90% des utilisateurs ont créé un compte sur l’instance principale mastodon.social. Autant dire que côté décentralisation… Le pire c’est que leur identifiant est lié à la plateforme donc ils devront abandonner tous leurs contacts et leur historique si d’aventure ils devaient changer d’instance.

Vous pouvez aller voir ailleurs, mais déjà que le réseau est petit, il est bien difficile de se dire qu’une petite instance sera là dans la durée. Si pour migrer je dois tout perdre, même moi je risque d’aller sur l’instance principale et jeter l’idée de décentralisation.

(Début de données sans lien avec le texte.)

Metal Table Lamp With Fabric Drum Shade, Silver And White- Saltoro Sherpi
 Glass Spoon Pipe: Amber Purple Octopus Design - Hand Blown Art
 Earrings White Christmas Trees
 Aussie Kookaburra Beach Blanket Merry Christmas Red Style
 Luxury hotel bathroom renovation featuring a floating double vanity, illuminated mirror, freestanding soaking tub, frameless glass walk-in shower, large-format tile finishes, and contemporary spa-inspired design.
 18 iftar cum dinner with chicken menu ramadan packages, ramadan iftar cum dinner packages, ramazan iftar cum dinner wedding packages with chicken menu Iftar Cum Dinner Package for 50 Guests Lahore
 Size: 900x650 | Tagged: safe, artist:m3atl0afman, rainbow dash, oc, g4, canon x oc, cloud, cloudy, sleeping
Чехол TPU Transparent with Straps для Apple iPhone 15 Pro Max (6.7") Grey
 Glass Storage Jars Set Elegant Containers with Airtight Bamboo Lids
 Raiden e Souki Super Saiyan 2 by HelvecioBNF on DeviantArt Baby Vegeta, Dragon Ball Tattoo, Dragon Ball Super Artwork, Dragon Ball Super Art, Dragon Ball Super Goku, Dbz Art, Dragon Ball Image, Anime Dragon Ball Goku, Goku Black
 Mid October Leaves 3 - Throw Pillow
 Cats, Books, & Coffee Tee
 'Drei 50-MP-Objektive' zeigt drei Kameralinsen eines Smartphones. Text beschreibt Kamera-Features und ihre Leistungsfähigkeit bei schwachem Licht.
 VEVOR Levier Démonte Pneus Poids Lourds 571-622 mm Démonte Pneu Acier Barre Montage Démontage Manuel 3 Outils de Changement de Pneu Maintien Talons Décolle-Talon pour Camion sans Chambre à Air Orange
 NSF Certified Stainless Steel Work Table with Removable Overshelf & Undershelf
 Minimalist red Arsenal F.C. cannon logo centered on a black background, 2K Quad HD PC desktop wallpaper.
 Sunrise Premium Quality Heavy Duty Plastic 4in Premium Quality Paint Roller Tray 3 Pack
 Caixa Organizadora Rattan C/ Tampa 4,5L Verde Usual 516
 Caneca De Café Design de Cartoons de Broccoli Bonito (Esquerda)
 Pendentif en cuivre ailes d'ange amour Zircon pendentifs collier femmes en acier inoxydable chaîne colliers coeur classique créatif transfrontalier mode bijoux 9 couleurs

Pour jouer à ce jeu, il faut non seulement un système de délégation ou d’indirection au niveau des identifiants mais aussi aider les 90% des utilisateurs à effectivement l’utiliser (non, implémenter webfinger ne suffit pas).

À défaut il faut prévoir dans le protocole un moyen d’annoncer aux clients qu’un utilisateur a changé d’instance, que les clients se mettent à jour à partir de là et que les serveurs sachent réimporter l’historique d’un utilisateur en migration. C’est toujours possible de l’ajouter après coup mais qu’ils n’y aient pas pensé ne me rend pas optimiste sur la compréhension des enjeux.

* * *

Bref, pour que j’y crois il aurait fallu une stratégie pour faire migrer une masse critique d’utilisateurs, plus une mise en œuvre autrement que théorique de la décentralisation.

Je n’ai aucun des deux aujourd’hui et ce n’est pas faute de l’espérer mais je ne crois pas une seconde que les quelques petites fonctionnalités techniques fassent la différence vis à vis d’un réseau qui est quasiment passé dans le langage courant, soutenu par une entreprise qui peut mettre des dizaines millions sur la table du jour au lendemain.

Il est temps d’arrêter de croire que tous les problèmes sont techniques et peuvent se résoudre avec des lignes de code. Faire un système de publication décentralisé c’est (relativement) simple. D’autres l’ont déjà fait et ce n’est pas ça qui bloque. L’enjeu pour sortir de la centralisation de Twitter se situe ailleurs.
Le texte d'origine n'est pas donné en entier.